EXERCISE: Without copying any picture, transcribe exactly the lines of the data below from the one containing "Chica retro cocinar" through the one containing "435 17th Street Newark NJ 07103".

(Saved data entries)
--------------------------------

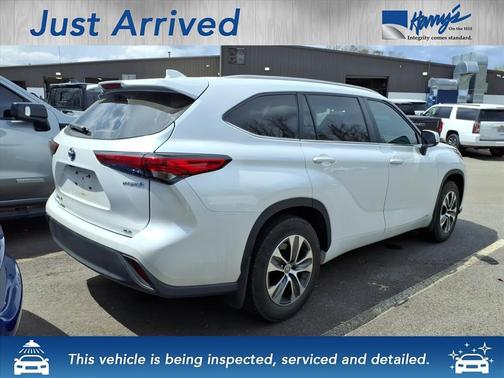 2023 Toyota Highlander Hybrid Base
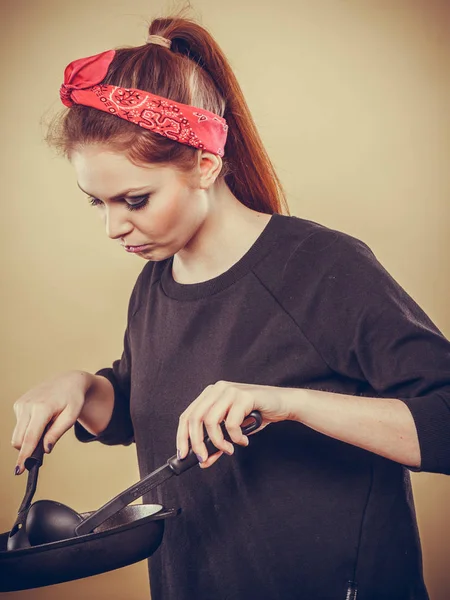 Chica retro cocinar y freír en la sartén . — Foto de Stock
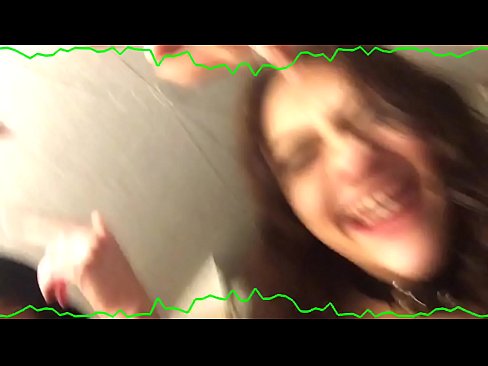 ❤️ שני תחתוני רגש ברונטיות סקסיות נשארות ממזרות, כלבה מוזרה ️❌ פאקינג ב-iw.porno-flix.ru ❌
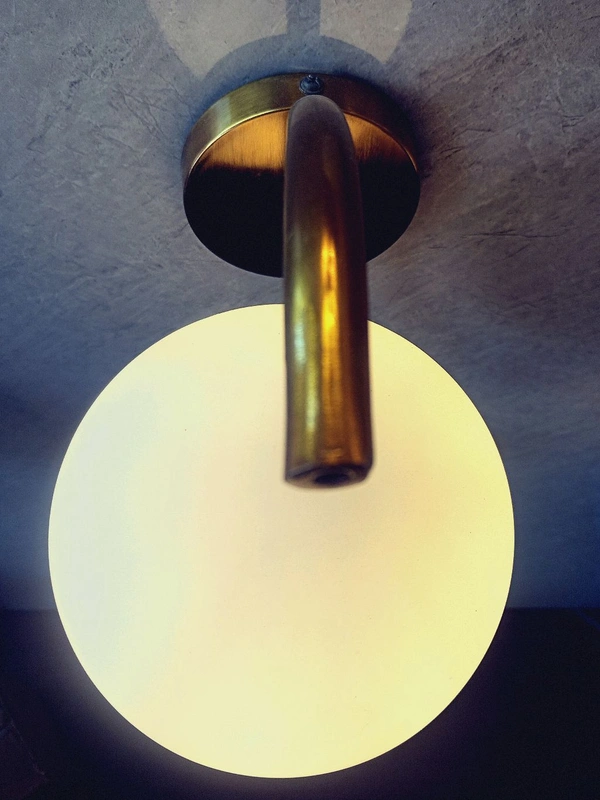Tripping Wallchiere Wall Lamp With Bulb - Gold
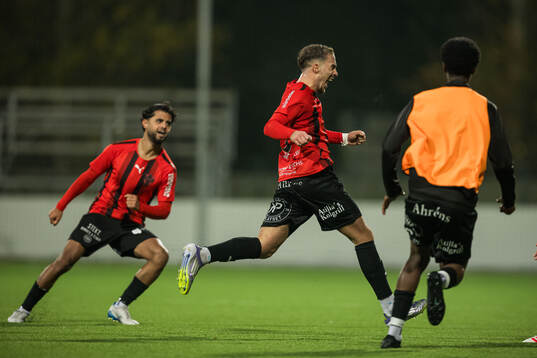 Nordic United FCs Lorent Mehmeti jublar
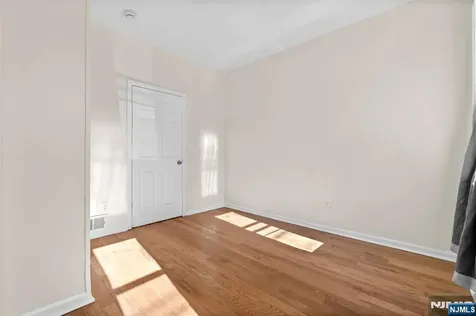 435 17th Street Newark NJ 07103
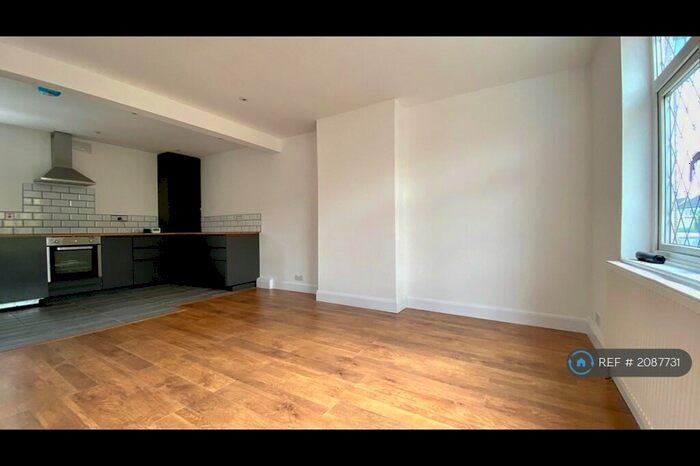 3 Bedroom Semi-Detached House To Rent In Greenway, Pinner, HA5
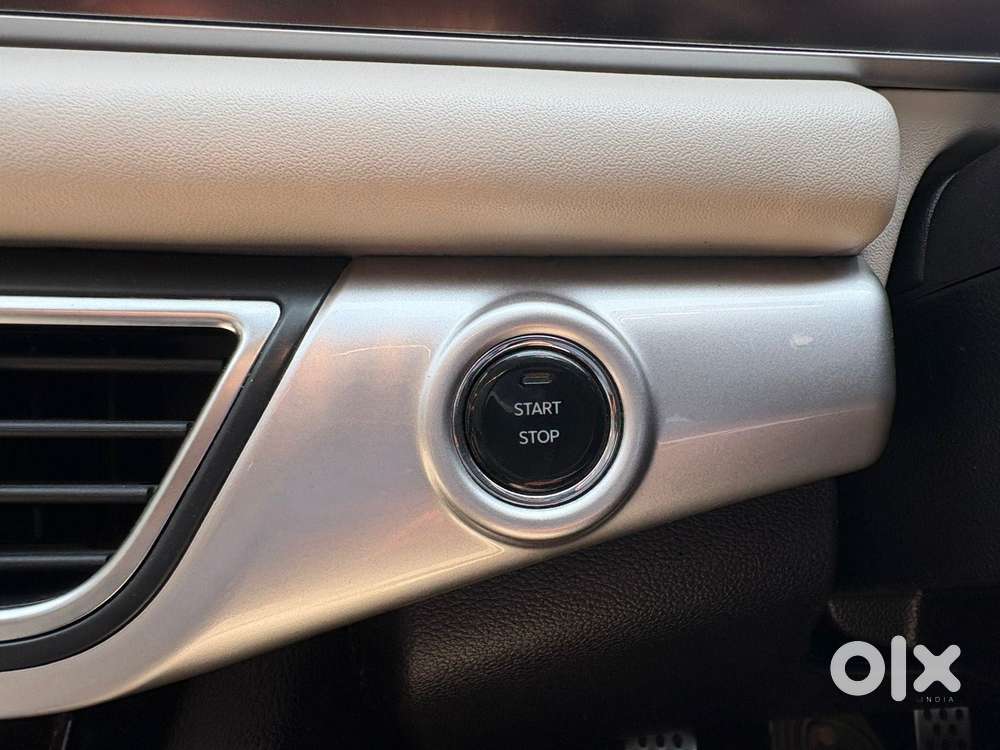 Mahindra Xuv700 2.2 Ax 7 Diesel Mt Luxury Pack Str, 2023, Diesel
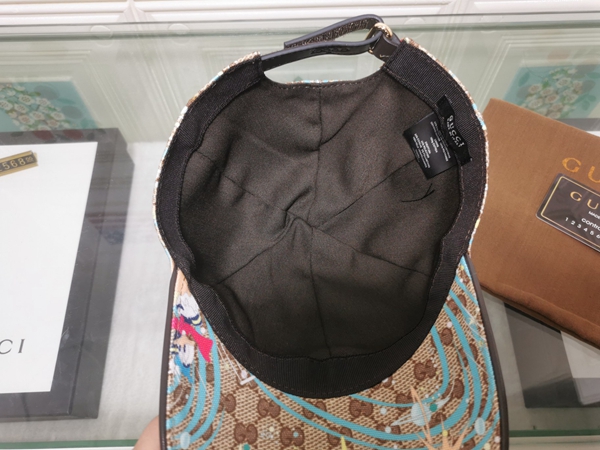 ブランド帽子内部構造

--------------------------------

WORKED SOLUTION:
 Chica retro cocinar y freír en la sartén . — Foto de Stock
 ❤️ שני תחתוני רגש ברונטיות סקסיות נשארות ממזרות, כלבה מוזרה ️❌ פאקינג ב-iw.porno-flix.ru ❌
Tripping Wallchiere Wall Lamp With Bulb - Gold
 Nordic United FCs Lorent Mehmeti jublar
 435 17th Street Newark NJ 07103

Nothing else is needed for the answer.